Like A Corset UndoneLike A Corset Undone
Edited By: J. Blackmore
Circlet Press
ISBN: 978-1885865878
September 2009





Reviewed By: Steven Hart

Like a Corset Undone is an anthology of steampunk erotica that has the undeniably lush, pungent, laciness of upper crust Victorian stroke fiction a la The Pearl.  A fair number of quasi-feminist buckles are swashed as ladies in stays and bloomers get the upper hand over lubricious tumescent men. Male readers, however, will not feel either slighted or abused by their dainty victories. The sex here is as steamy as the era it represents, one in which the superhuman power of gargantuan machines still dazzled enough to make the mechanistic release of steam feel orgasmic.

 Some of the ladies as in “Adventures Underground” by Cartmine Bligh connive prettily to suffer the lash, as is their secret wont, and there is a general sense of extremely naughty, if not piratical, fun about the entire book.  These stories are to my mind more Edwardian than Victorian.  They take place after the actual Industrial Revolution when people began to contemplate the larger meaning and possible refinement of machines, not just to create more of them.  The prose style is universally suited to about the year 1900, and as such is usually a cut above our contemporary grunt and scratch style of the early 21st century.  These writers know about gerundives and the complex sentence.  So basically, the news for readers is good.

This is my first adventure in steampunk. The challenge of this new and rather unformed genre is that the author is obliged to create a double anachronism.  Some concept of present or future technology has been displaced into the past prior to its actual creation or refinement.  Thus airships (dirigibles?) may dominate the skies in the hands of cross-dressing pirates who use electric pistols, (which seem to be sort of hyper stun guns) as in “The Sky Dancer” by R. E. Bond and “Skyway Robbery” by Angelia Sparrow and Naomi Brooks.

This latter story has a Munchausen quality in that Robin Hood’s descendent has taken up piracy in an air ship as he battles the Edisonians, another corps of techno-pirates.  Once a raid on the enemy airship is successfully completed, Robin hungrily falls to a lengthy and detailed rimming and buggering of Will (Scarlet?).  That happy event is interrupted by the entrance of Robin’s girlfriend, Marian. She intrudes upon the scene in drag, nether parts still dripping from the excitement of the fray.  Thus she is ready to join in celebrating the Captain’s captivating cock.  It is reported in fact to be larger than Little John’s fighting staff – a likely story, eh, girls?

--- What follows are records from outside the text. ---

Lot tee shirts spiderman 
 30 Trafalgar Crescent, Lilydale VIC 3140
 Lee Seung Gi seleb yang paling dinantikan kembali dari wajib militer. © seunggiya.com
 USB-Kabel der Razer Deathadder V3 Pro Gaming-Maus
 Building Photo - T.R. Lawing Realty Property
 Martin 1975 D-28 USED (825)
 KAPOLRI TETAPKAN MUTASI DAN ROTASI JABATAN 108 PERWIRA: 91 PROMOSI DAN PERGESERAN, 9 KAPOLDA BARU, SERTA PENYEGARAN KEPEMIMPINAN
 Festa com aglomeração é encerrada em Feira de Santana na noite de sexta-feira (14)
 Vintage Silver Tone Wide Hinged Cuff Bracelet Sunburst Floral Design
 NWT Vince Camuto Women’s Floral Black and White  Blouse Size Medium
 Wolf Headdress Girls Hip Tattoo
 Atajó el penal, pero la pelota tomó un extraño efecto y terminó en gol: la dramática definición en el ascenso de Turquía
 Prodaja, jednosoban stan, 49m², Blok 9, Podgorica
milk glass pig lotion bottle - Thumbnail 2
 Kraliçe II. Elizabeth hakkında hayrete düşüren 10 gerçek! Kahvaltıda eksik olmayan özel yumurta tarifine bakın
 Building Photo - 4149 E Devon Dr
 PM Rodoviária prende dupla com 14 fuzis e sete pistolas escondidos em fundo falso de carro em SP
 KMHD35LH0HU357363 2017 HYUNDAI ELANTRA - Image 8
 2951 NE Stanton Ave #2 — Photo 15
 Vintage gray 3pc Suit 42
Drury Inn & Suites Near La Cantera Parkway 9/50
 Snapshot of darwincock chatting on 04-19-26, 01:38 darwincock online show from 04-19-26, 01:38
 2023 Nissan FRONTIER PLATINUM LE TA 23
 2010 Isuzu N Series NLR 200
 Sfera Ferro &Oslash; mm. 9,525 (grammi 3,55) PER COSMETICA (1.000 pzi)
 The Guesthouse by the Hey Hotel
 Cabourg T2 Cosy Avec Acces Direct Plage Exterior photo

The trick of doing steampunk well is to make all these temporal collisions both necessary to the story, and exciting inclusions.  Steam engines per se are pretty dull unless you get off on such things, no matter what they are attached to or whatever bizarre function they are set to perform.  The danger lies in simply writing Victorian porn with some murky science fiction thrown in for effect or to meet the editors’ Call for Submissions.  Good and bad examples appear in this volume.

Then too all these airships and sundry other machinery that populate these fictive skies must be belching massive quantities of carbon fuel exhaust, a problem that seems not to trouble these authors at all.  In short, it is as though they find the Industrial Age a sort of divine intervention in human affairs, with none of the demonic effects we now know to be the case.  They forget that it took half of the 20th century to clean up a fair portion of the soot left in Europe from the 19th.

One area that seems particularly irksome is the tendency to explain all sorts of anomalies by the fact that character X is from an alternate universe and thus able to do and think all sorts of things ordinary Victorians do not.  Without some explanation of how or why this person is around, the effect is that of a bad deus ex machina, a simple cheat to get the problem off stage.

The other pitfall of steampunk is applying the mental habits of the late 20th Century to that of the late 19th.  Few of these writers seem to have made it to the 21st. While I am perfectly willing to accept the post-modern dictum that history is not the study of group think, I am also aware that economic conditions and oppressions of empire impel people into certain point’s of view.  I am all for the exception in such matters but the author has to justify his/her choices, not just post them like surprise counterindications about the past.  It’s a tricky problem.

Some authors here solve the anamolies very well, like Roxy Katt, who describes her voluptuous female characters as the literal embodiment of the zeppelin in “The Zeppelin Raiders””

Ah, but the feature of the suit that had immediately arrested Constance’s attention was not the voluptuousness of breast and buttock, nor the claustrophobic cocooning of the suit’s design, but the tightly armored groin covering which was a kind of metal dome  or codpiece – an enormous one – tightly fastened to the form fitting suit.  “Mother ,”Constance had said, “if I may be so bold, “ she gestured between the legs of the suit not quite managing  to suppress an involuntary giggle, “What on earth…? 

Probably the best way to look at these stories is as outsized fantasy – erotic fairy tales -- with a nod to science fiction for the fun of it.  I don’t see how anyone can go wrong with Like a Corset Undone as the title alone is an invitation to the most luscious fantasy. It just requires that the reader take it as that, and not demand too much in the way of actual history or science as its basis.